Samstag, 19. März 2016

Haltung bewahren



Der Wert des Menschen

Thierry Taugourdeau ist 51 Jahre alt. Er lebt mit seiner Frau und seinem geistig behinderten Sohn in einer Eigentumswohnung. Sein bodenständiges Leben ist jedoch zur Zeit keines mehr. Thierry ist seit fast 2 Jahren arbeitslos. Der titelgebende Wert des Menschen sinkt für ihn Tag um Tag. In seinem minimalistischen Sozialdrama schildert Regisseur Stéphane Brizé die Entbehrungen, eines ungebrauchten Mannes in den Mühlen der modernen, optimierten Arbeitswelt. Der Wert des Menschen begeht dabei nicht den Fehler einen großen Aufschrei provozieren zu wollen, oder pauschale Vorverurteilungen auszusprechen, sondern arbeitet sich langsam am Verfall des eigenen Selbstvertrauens ab. So begleiten wir Thierry beim Bewerbertraining, bei Terminen auf Ämtern und Banken und sehen, wie er langsam des Kampfes um Anerkennung müde wird.

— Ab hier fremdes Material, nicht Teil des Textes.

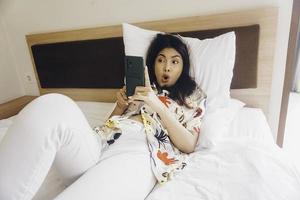 jeune femme choquée vérifiant son téléphone en position couchée dans son lit photo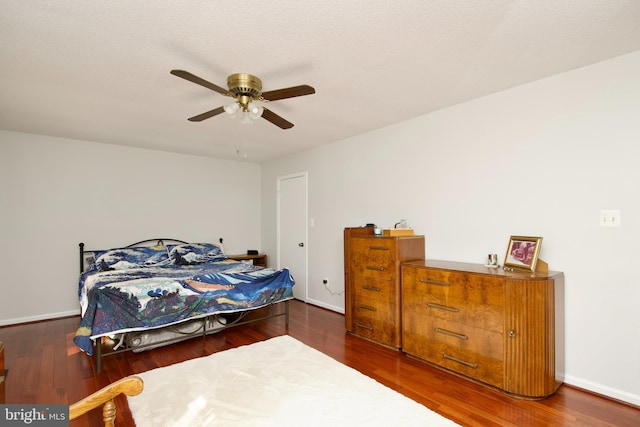 bedroom with ceiling fan and dark hardwood / wood-style flooring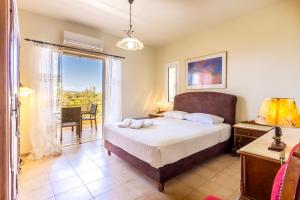 a bedroom with a bed and a balcony at PLEIADES lUXURY APARTMENTS in Porto Heli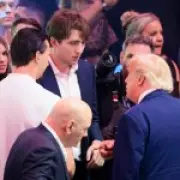 Barron Trump ditches slicked-back hair for laid-back new look at UFC event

Als er schließlich einen neuen, minderwertigen Job ergattern kann, prasseln andere zermürbende Situationen auf ihn ein. Mittels einer starren Kamera und langen sowie trostlosen Einstellungen verbildlicht Der Wert des Menschen die zunehmende persönliche und soziale Wertlosigkeit des Protagonisten. Durch das Fehlen jeglicher musikalischer Untermalung (mit Ausnahme einiger Songs, die von Akteuren (an)gespielt werden) dringen Bildsprache und Schauspiel noch viel ungefilterter an das Publikum heran. Für diese stille aber präzise Leistung konnte Hauptdarsteller Vincent Lindon den Cesar und den Schauspielpreis beim Filmfestival in Cannes gewinnen. Seine realistische Verkörperung eines Mannes, der stets Unwägbarkeiten zu Schlucken hat, von dem aber selbst nur Konformität erwartet wird, legt den Charakter zusätzlich nachvollziehbar an. Der Wert des Menschen verlangt dem Zuschauer einiges ab. Der Film ist definitiv kein Feel-Good-Movie. Die halbdokumentarischen, teils sehr langwierigen Szenen werden definitiv nicht nur auf Anklang stoßen. Thematik und Umsetzung sind, obwohl jederzeit glaubwürdig, sperrig und schwer zugänglich. Erst gegen Ende der 93 Minuten Laufzeit kommt verstärkt Spannung auf, wenn die ohnehin schon triste Atmosphäre des Films noch zusätzlich bedrückender wird. Dennoch wird Der Wert des Menschen ein kleines und interessiertes Publikum mit Sicherheit für sich gewinnen werden. Wer die schlechte deutsche Synchronisation des französischen Originals ignoriert, bekommt einen ungewöhnlichen Arthousefilm zu sehen, der zeigt, dass es nicht nur Geld und Zeit sind, die den eigentlichen Wert des Menschen ausmachen.